News

Ursinus Lecturer Recognized for Environmental Stewardship

Tristan Ashcroft, a lecturer of environmental studies, will receive the Perkiomen Watershed Teaching Excellence award, recognizing exceptional instruction by an individual seeking to educate students about the watershed and its stewardship.

The award will be presented at a benefit for the Perkiomen Watershed Conservancy, “A Night for Conservation: To Benefit the Perkiomen Watershed” on Oct. 18.

“Tristan has done exemplary work here, volunteering with PWC to lead walks about the watershed and its landscape issues and through his teaching at the college,” says Patrick Hurley, associate professor and chair of environmental studies. “Both his geology and GIS courses introduce important conceptual and analytical tools that help our students better understand this, their home watershed while living in Collegeville.”

The Perkiomen Watershed Conservancy is an organization dedicated to conserve and protect the local watershed while providing education for families and schools in the area. Watersheds are streams, creeks, or river drainage areas with boundaries defined by natural ridges that separate drainage basins. The Perkiomen watershed encompasses over 50 municipalities across four counties and 362 square miles.

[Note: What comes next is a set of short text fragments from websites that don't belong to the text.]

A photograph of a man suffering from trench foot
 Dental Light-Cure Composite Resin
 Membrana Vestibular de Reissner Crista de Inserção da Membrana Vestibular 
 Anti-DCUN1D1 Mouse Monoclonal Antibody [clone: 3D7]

Ashcroft volunteers his time with the conservancy in several different ways. He helps with education and outreach by giving lectures and leading field excursions of local geography. He also tries to incorporate the needs or activities of the conservancy in his class assignments and projects.

“Watershed matters are part of a broad range of topics that we talk about because of a core notion: water matters,” Ashcroft says. “In the introductory class, we go into the field to quantify stream flow, delineate surface water flow direction, and think about how surface water interacts with ground water and how both surface and groundwater shape surface features and are directed by those features.”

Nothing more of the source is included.